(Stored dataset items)
^^^^^^^^
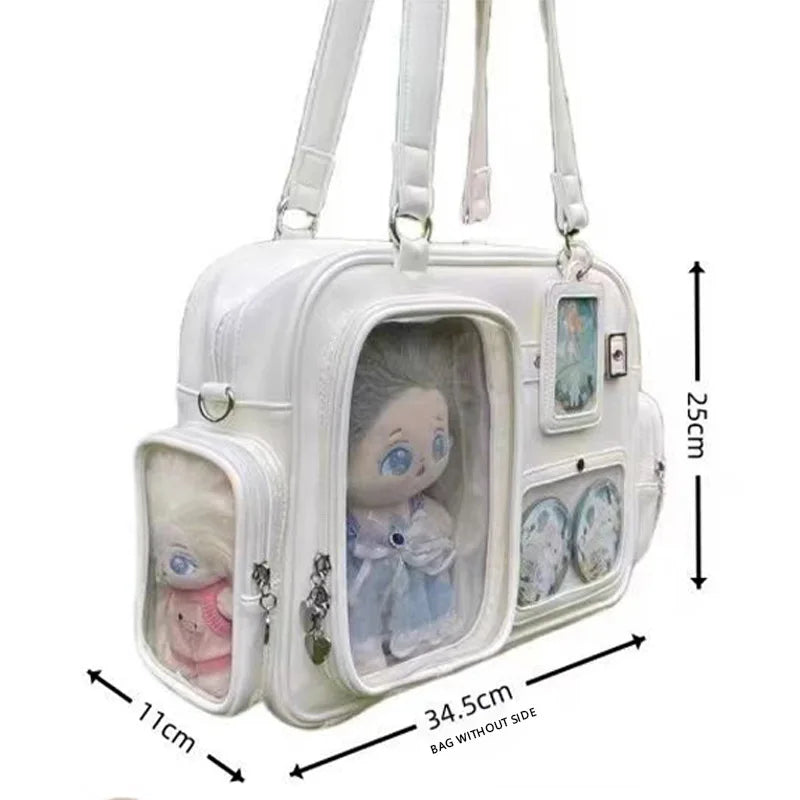 Ita Bag Large Capacity Transparent Window Shoulder Bag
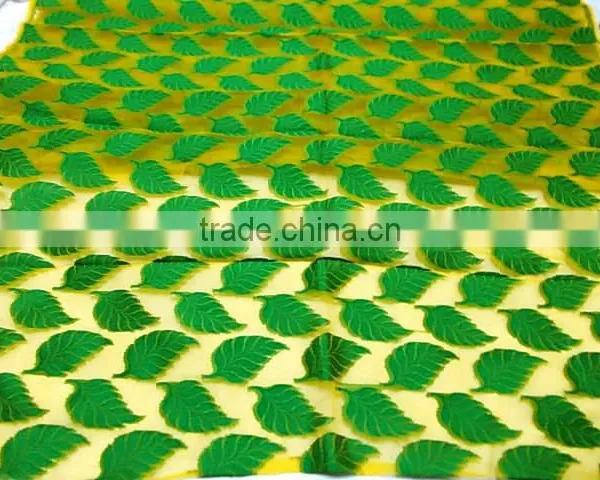 Organza cutwork fabric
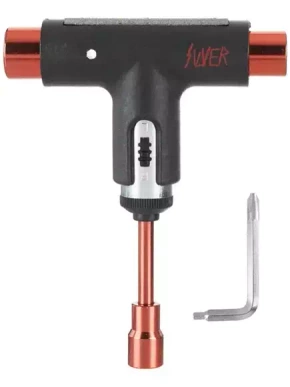 Silver x Slayer skateboard wrench (black/red)
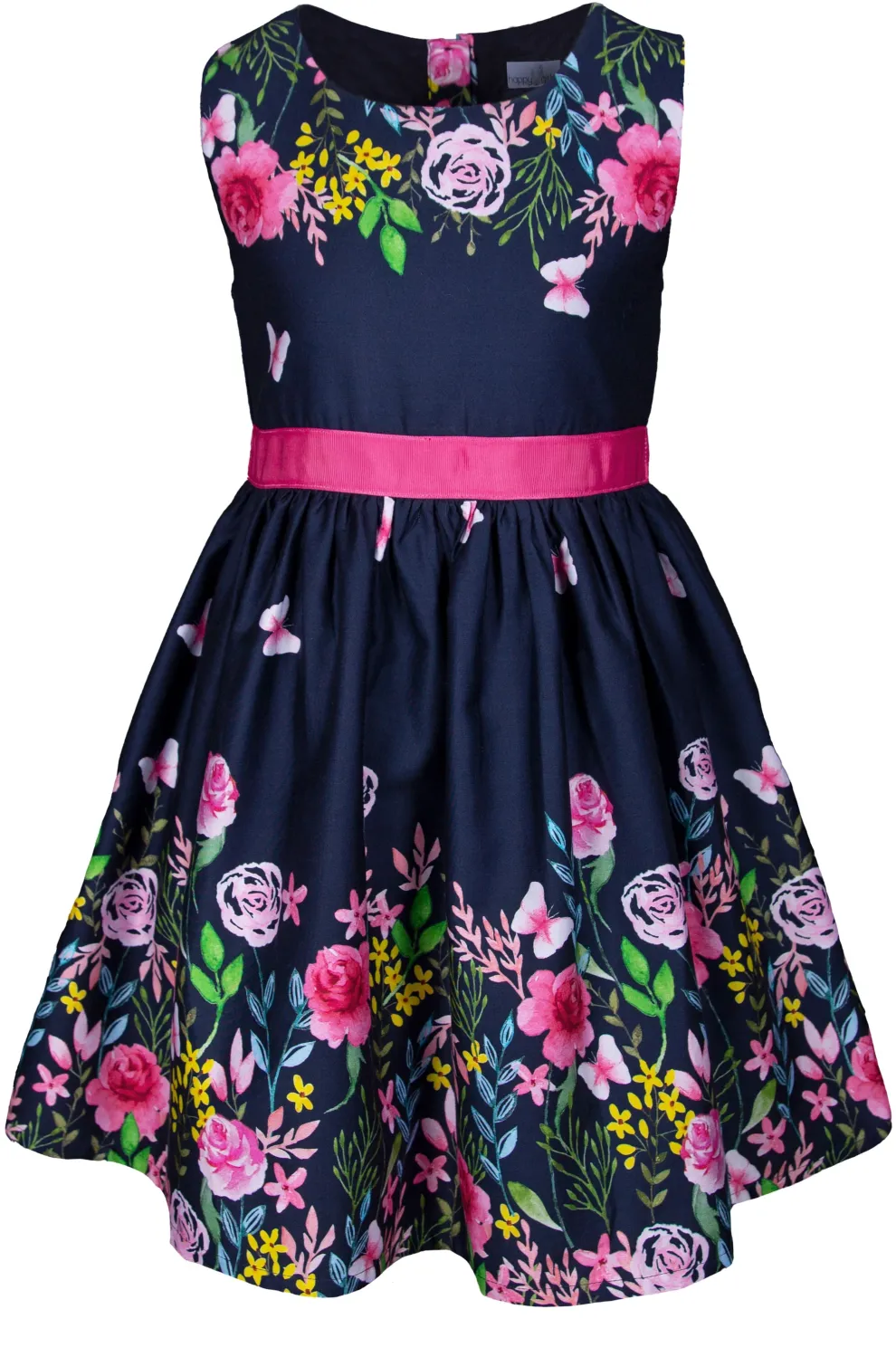 Happy Girls M&auml;dchen Kleid Sommerkleid Landlust blau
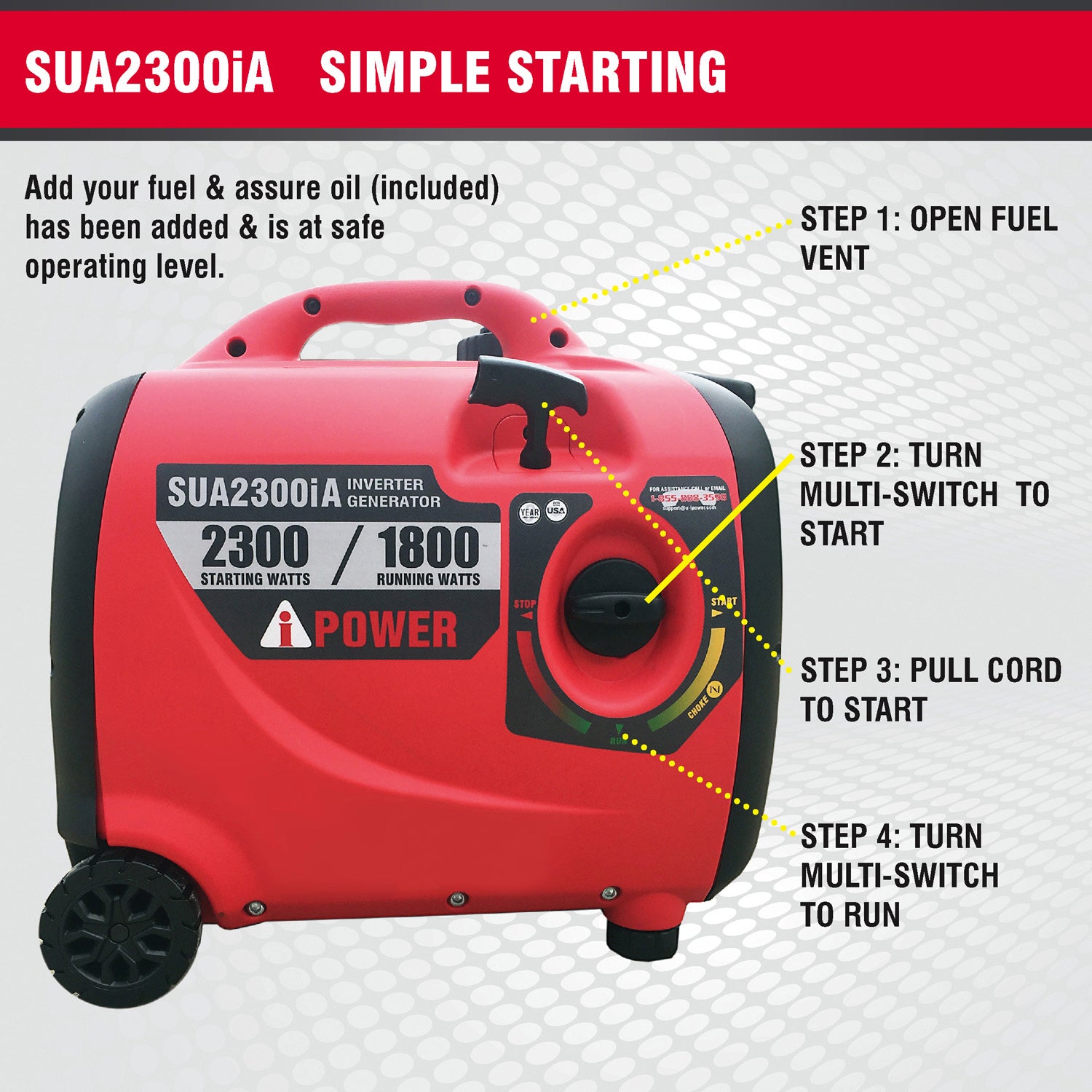 2300 Watt Inverter Generator SUA2300iA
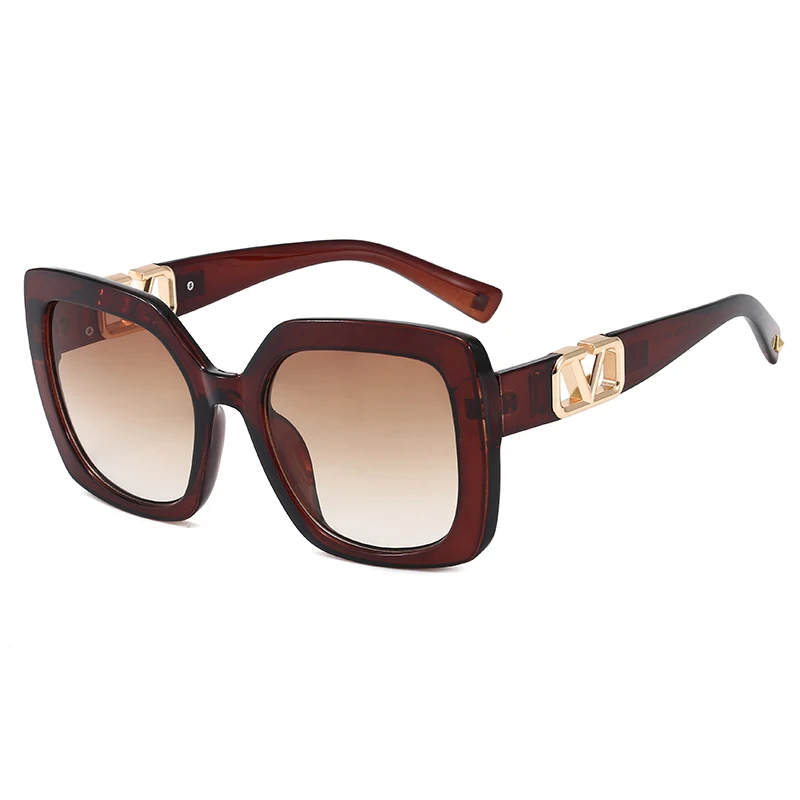 

New 2020 Women Sunglasses Luxury Brand Designer Oversized Square Sun Glasses Female Summer Style Shades UV400 Tricolor Frame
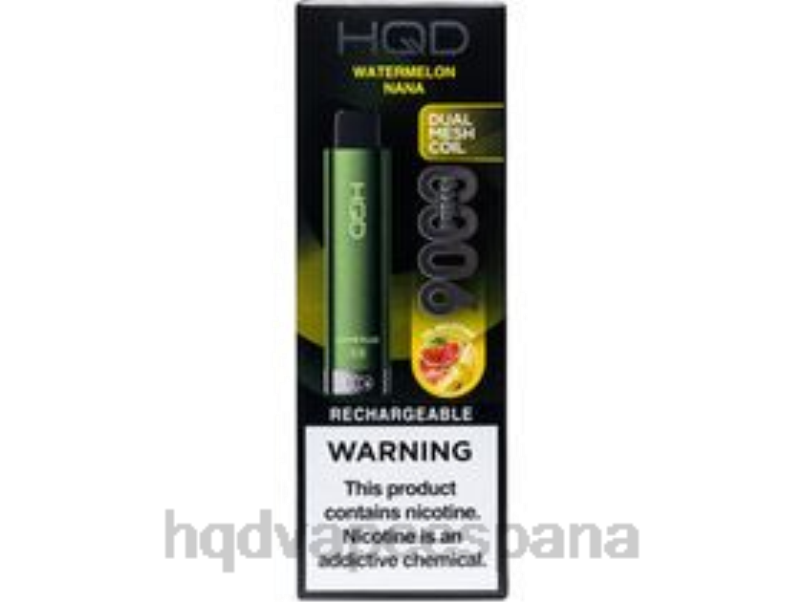 HQD CUVIE PLUS 2.0 desechable nana sandia 84J2268 HQD flavors vape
^^^^^^^^
Write every line above again exactly, but leave the pictures out.

 Ita Bag Large Capacity Transparent Window Shoulder Bag
 Organza cutwork fabric
 Silver x Slayer skateboard wrench (black/red)
 Happy Girls M&auml;dchen Kleid Sommerkleid Landlust blau
 2300 Watt Inverter Generator SUA2300iA

New 2020 Women Sunglasses Luxury Brand Designer Oversized Square Sun Glasses Female Summer Style Shades UV400 Tricolor Frame
 HQD CUVIE PLUS 2.0 desechable nana sandia 84J2268 HQD flavors vape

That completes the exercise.